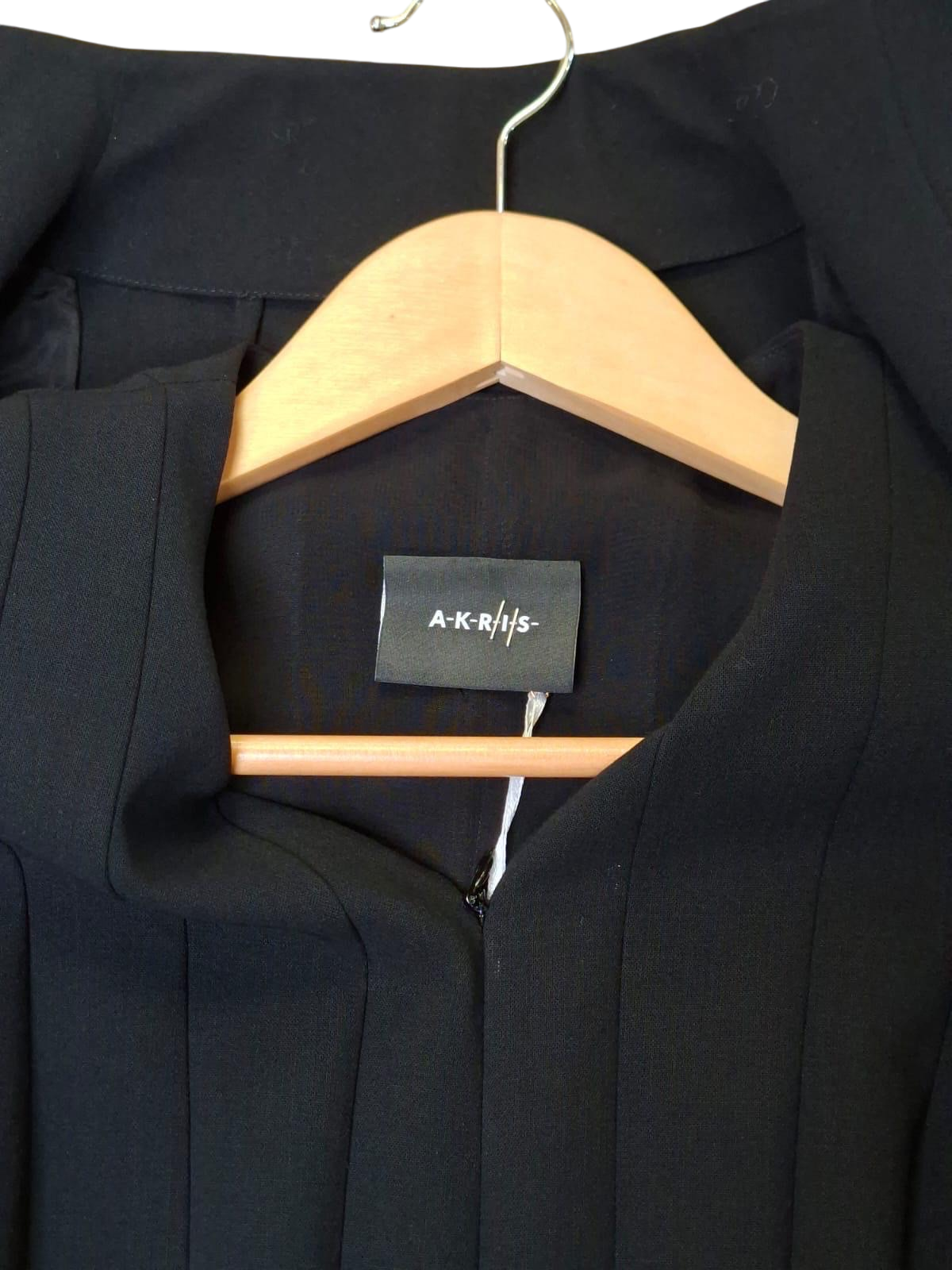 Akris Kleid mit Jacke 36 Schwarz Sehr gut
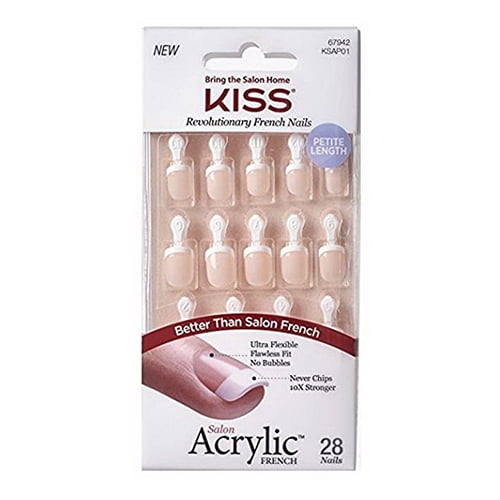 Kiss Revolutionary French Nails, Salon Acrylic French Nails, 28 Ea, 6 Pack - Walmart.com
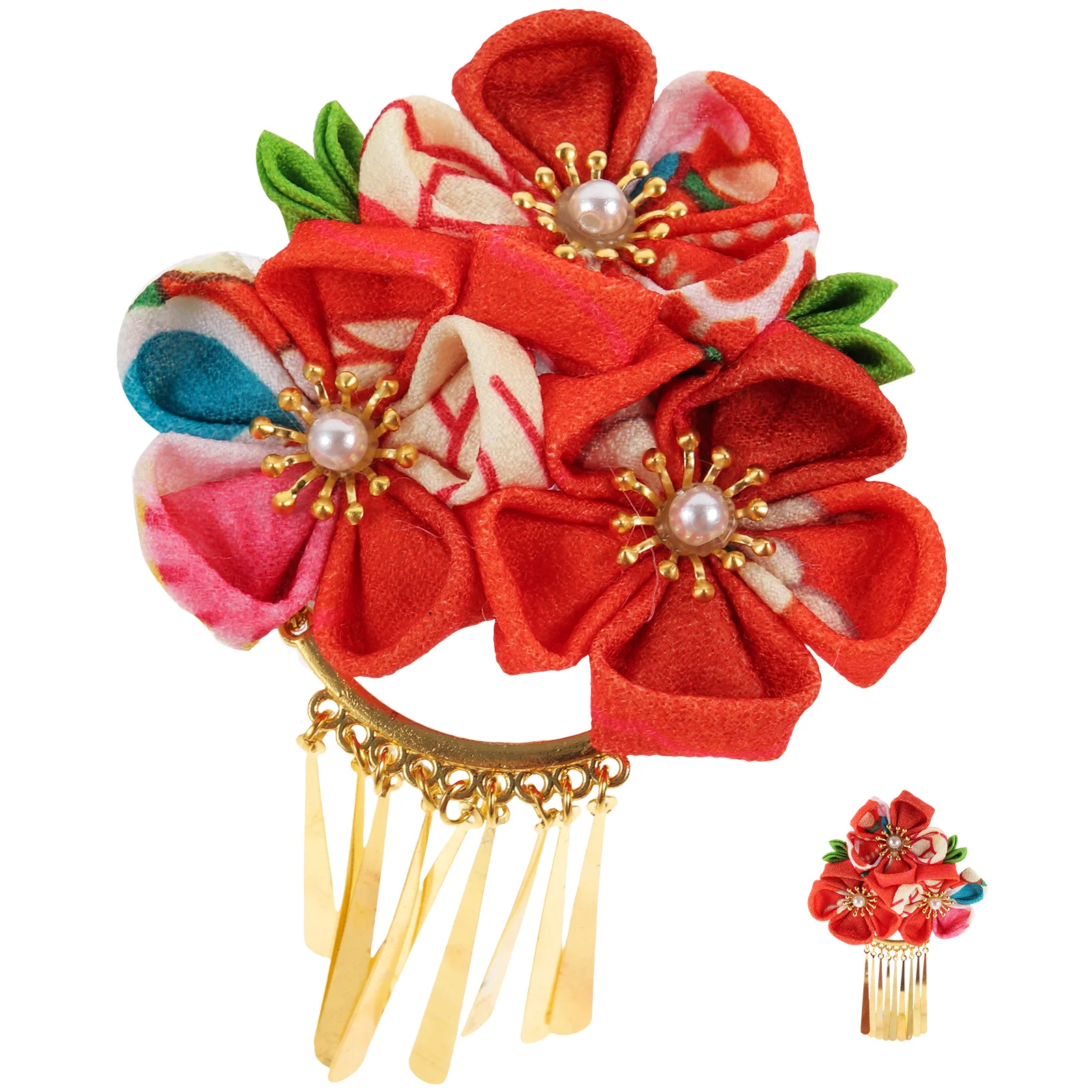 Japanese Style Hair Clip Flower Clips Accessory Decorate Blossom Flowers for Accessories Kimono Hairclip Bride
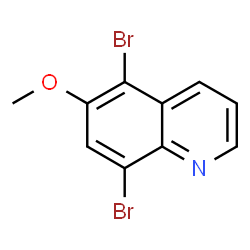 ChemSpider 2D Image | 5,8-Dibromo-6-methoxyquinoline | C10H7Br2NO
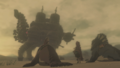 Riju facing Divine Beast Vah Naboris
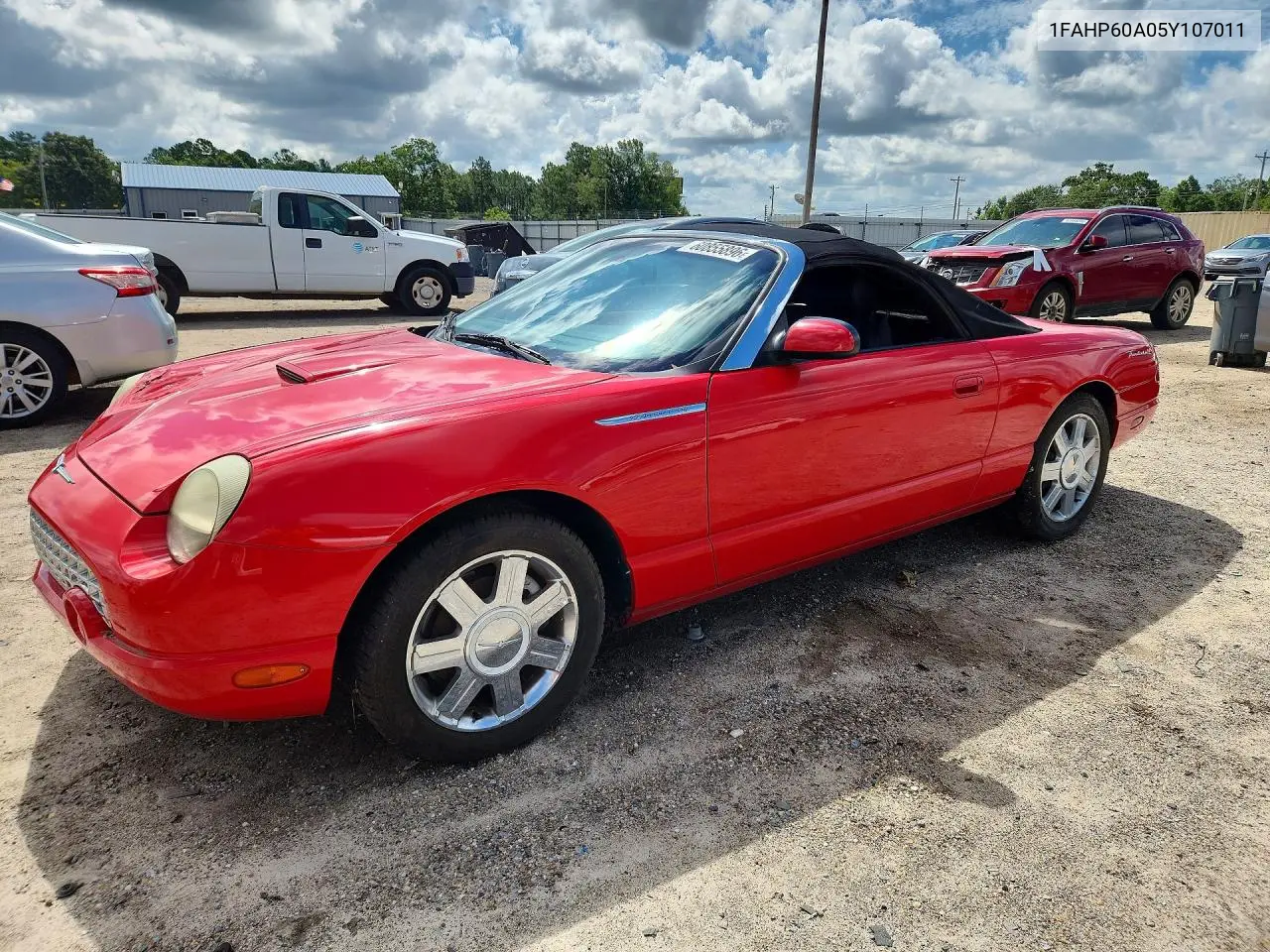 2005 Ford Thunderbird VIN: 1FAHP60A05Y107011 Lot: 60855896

* * *

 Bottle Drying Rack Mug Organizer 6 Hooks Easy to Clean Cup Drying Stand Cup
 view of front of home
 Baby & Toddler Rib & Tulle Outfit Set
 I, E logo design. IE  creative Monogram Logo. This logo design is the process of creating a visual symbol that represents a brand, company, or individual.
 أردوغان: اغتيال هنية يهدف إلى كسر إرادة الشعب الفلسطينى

==

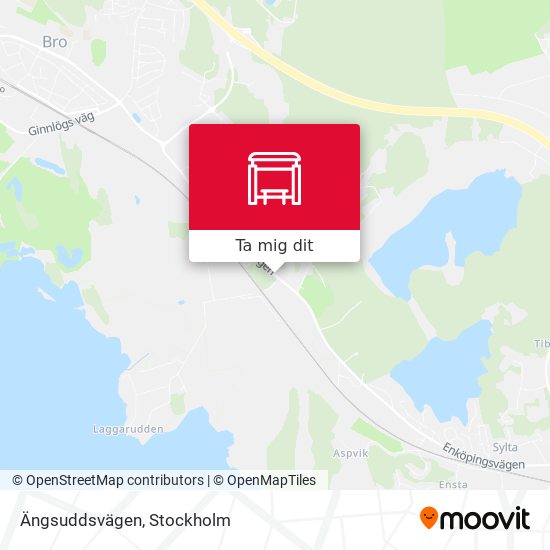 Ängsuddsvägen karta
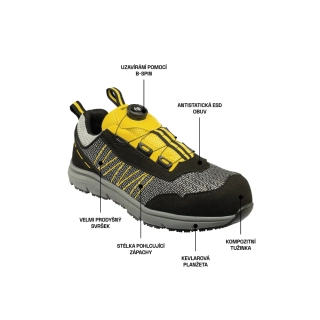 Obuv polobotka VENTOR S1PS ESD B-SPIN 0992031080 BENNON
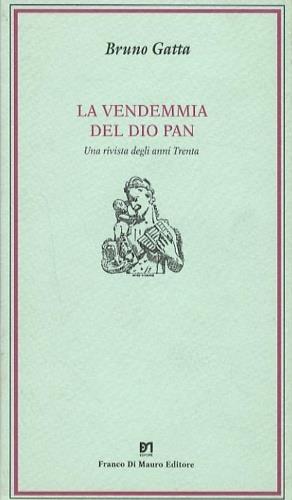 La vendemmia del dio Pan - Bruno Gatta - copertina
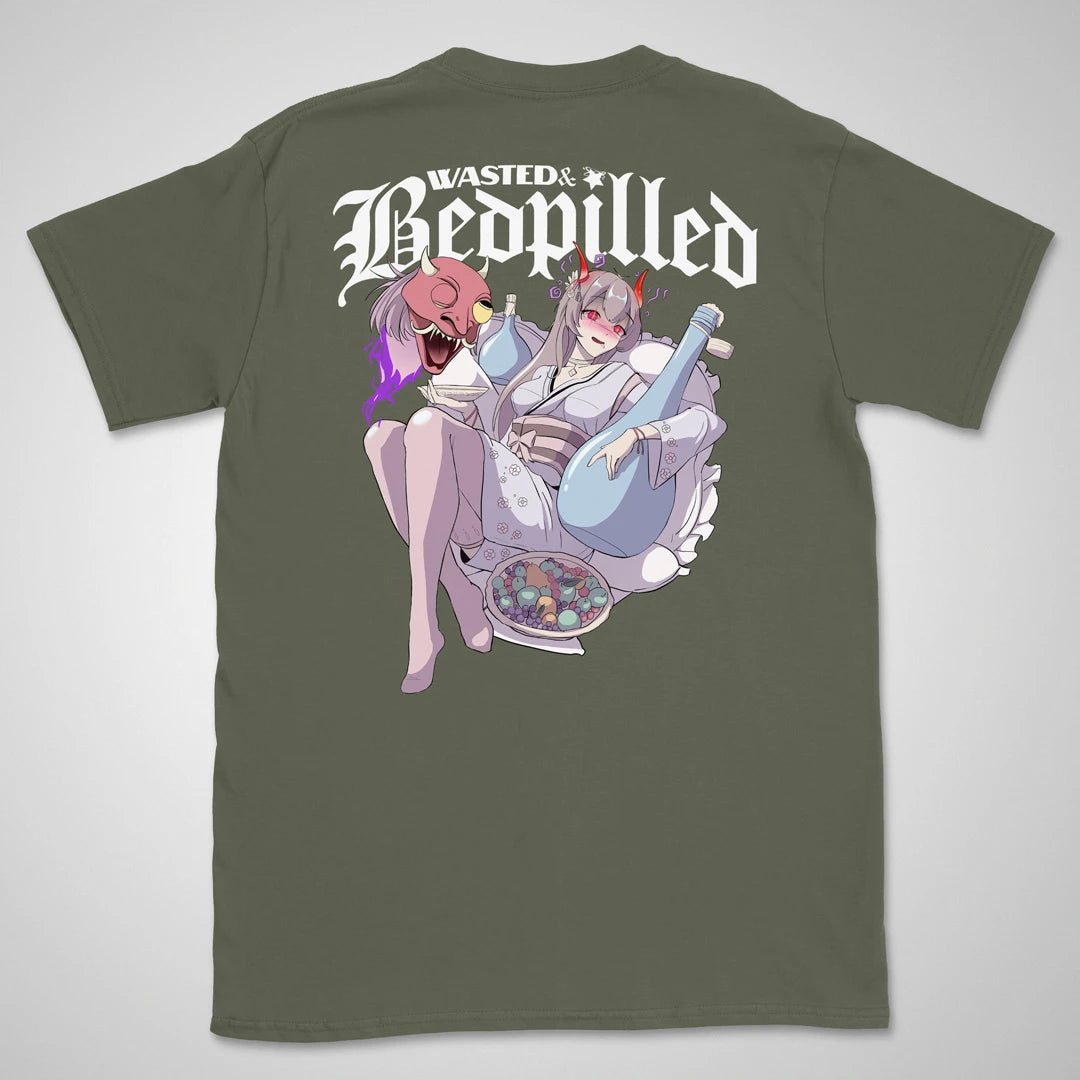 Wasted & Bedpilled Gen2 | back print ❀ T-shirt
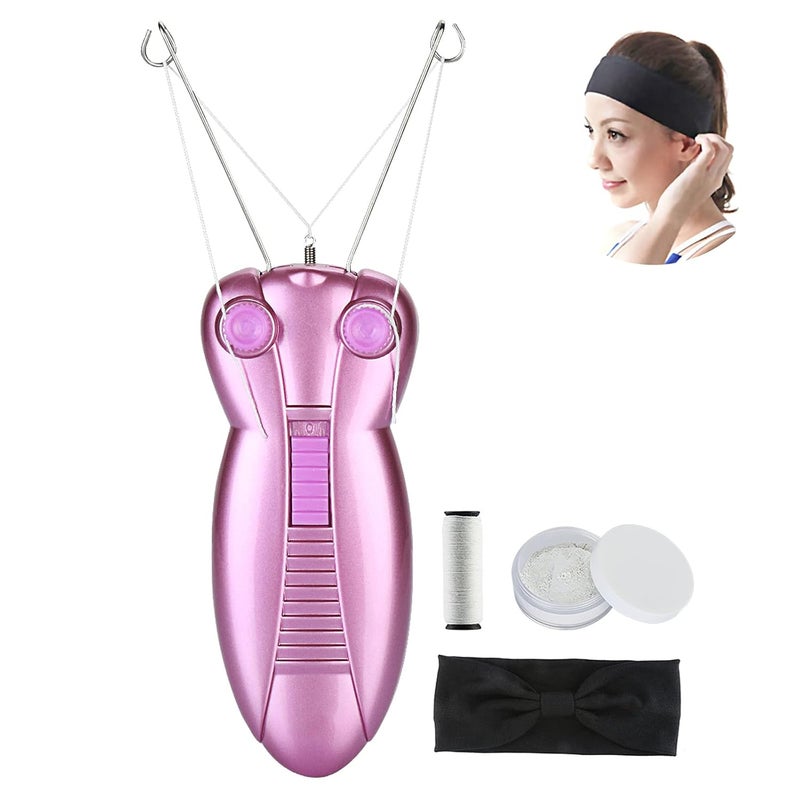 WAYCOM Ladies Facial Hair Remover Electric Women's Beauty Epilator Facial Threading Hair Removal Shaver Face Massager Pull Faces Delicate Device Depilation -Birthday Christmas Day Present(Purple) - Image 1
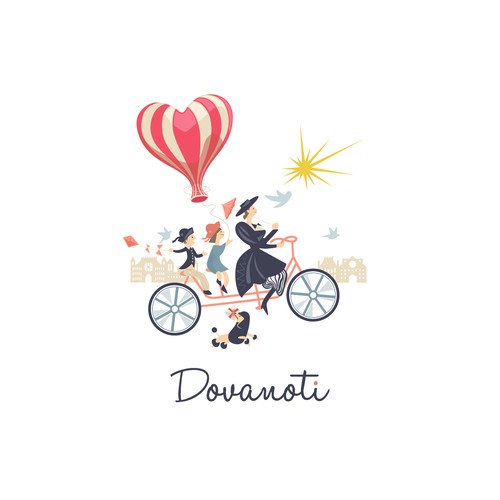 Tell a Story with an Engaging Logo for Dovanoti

## ASSIGNED TASK
When you reach the line with "Akris Kleid mit Jacke 36 Schwarz Sehr gut" in the records above, begin repeating the lines exactly, and stop after the line with "2005 Ford Thunderbird". Skip all pictures.

## SOLUTION FOR THIS EXERCISE
 Akris Kleid mit Jacke 36 Schwarz Sehr gut
 Kiss Revolutionary French Nails, Salon Acrylic French Nails, 28 Ea, 6 Pack - Walmart.com
 Japanese Style Hair Clip Flower Clips Accessory Decorate Blossom Flowers for Accessories Kimono Hairclip Bride
 ChemSpider 2D Image | 5,8-Dibromo-6-methoxyquinoline | C10H7Br2NO
 Riju facing Divine Beast Vah Naboris
 2005 Ford Thunderbird VIN: 1FAHP60A05Y107011 Lot: 60855896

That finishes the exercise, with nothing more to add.